### Task details
The response must consist of the lines below from the one with "Leather Wrapped Bottle" through the one with "Uniqkart for Apple", exactly as they appear and with both ends kept.

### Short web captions

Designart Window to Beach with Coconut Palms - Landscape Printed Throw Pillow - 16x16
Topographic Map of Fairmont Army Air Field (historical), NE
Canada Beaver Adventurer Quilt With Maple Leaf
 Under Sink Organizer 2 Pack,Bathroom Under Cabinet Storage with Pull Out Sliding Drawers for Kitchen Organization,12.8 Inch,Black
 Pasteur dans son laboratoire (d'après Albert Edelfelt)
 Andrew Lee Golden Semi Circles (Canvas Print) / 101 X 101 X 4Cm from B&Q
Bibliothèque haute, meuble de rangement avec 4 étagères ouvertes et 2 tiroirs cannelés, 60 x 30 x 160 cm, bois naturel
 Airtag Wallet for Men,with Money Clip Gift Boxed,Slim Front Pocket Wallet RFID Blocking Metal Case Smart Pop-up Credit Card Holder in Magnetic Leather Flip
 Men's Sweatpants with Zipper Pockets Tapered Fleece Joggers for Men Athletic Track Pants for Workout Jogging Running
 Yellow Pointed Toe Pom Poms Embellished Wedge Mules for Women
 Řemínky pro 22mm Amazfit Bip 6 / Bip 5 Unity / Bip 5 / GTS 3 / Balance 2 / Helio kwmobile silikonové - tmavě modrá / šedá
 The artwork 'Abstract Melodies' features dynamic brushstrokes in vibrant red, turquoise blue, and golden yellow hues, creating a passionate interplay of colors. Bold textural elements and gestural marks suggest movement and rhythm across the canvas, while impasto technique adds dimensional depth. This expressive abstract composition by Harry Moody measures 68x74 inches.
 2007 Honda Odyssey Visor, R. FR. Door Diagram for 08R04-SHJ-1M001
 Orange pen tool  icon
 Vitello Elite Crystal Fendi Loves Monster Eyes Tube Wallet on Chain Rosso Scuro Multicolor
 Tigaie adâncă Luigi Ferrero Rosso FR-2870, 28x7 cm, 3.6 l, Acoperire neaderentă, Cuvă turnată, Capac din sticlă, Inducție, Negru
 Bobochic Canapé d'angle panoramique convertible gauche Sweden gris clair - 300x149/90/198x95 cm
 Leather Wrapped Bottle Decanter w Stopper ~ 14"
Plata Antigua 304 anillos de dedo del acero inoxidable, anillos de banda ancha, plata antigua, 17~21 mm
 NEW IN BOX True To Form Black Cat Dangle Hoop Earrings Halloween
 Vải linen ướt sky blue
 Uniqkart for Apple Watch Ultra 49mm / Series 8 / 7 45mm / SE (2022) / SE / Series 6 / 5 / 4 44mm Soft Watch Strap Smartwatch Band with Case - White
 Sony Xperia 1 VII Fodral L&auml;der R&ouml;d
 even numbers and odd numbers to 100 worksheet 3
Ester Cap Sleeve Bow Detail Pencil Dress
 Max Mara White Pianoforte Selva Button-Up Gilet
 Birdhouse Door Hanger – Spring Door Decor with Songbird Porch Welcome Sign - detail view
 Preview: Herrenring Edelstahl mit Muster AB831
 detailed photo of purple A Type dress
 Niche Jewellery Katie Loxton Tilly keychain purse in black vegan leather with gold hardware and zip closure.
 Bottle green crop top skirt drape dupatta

### Reply to the task
 Leather Wrapped Bottle Decanter w Stopper ~ 14"
Plata Antigua 304 anillos de dedo del acero inoxidable, anillos de banda ancha, plata antigua, 17~21 mm
 NEW IN BOX True To Form Black Cat Dangle Hoop Earrings Halloween
 Vải linen ướt sky blue
 Uniqkart for Apple Watch Ultra 49mm / Series 8 / 7 45mm / SE (2022) / SE / Series 6 / 5 / 4 44mm Soft Watch Strap Smartwatch Band with Case - White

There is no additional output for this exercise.